From the line below containing "Seniorenbed John met" to the final line, print each line exactly as written. No pictures belong in the copy.

Stored items from a collection
◆ ◆ ◆ ◆ ◆ ◆ ◆
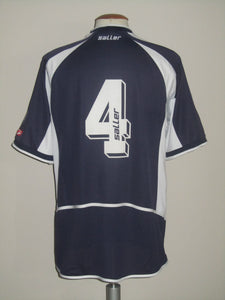 KVK Tienen 2003-04 Home shirt MATCH ISSUE/WORN #4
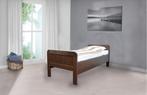Seniorenbed John met elektrische bodem - 90x200 - Walnoot, Huis en Inrichting, Slaapkamer | Bedden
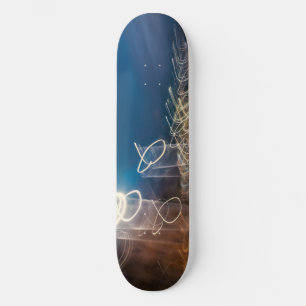 Skate Abstract Intentional Camera Movement Night Light T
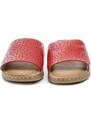 Jana 8-27116-28 červené dámské pantofle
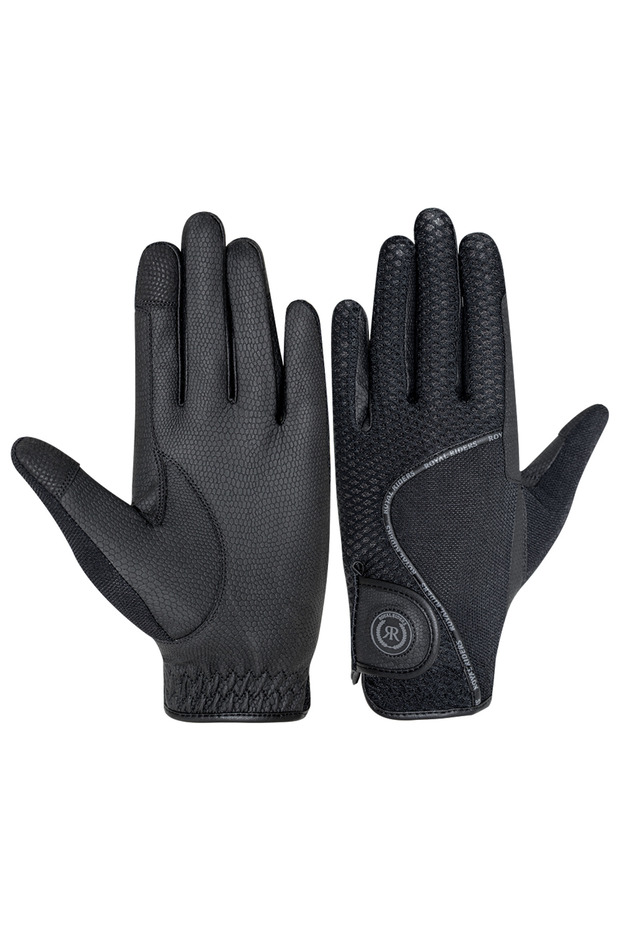 0934 Ventino Honeycomb Mesh Equestrian Gloves for Men & Women #10060934 - Medium
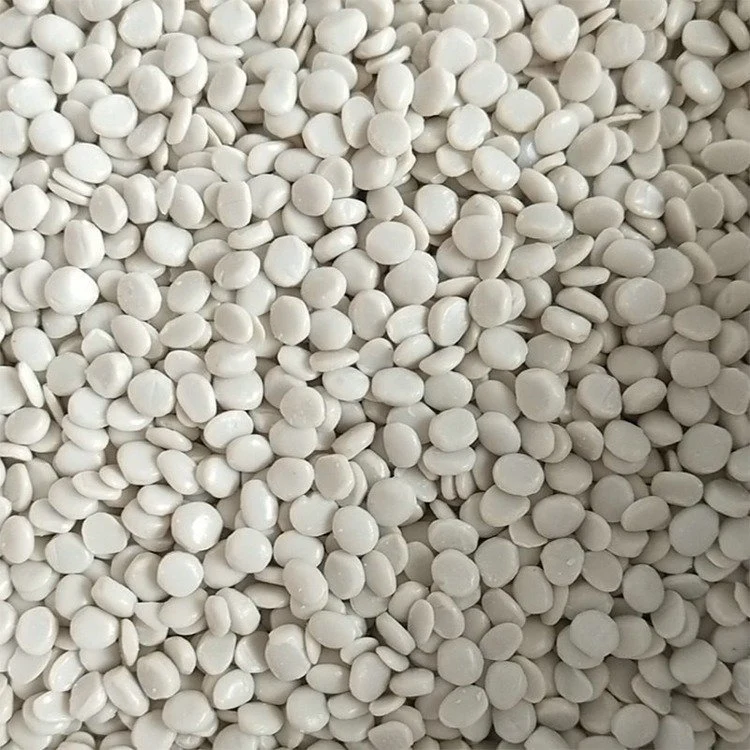 White Filler Masterbatch Alternative Raw Materials Transparence Masterbatch for Injection Molding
◆ ◆ ◆ ◆ ◆ ◆ ◆
### The completed task
Seniorenbed John met elektrische bodem - 90x200 - Walnoot, Huis en Inrichting, Slaapkamer | Bedden
 Skate Abstract Intentional Camera Movement Night Light T
 Jana 8-27116-28 červené dámské pantofle
 0934 Ventino Honeycomb Mesh Equestrian Gloves for Men & Women #10060934 - Medium
 White Filler Masterbatch Alternative Raw Materials Transparence Masterbatch for Injection Molding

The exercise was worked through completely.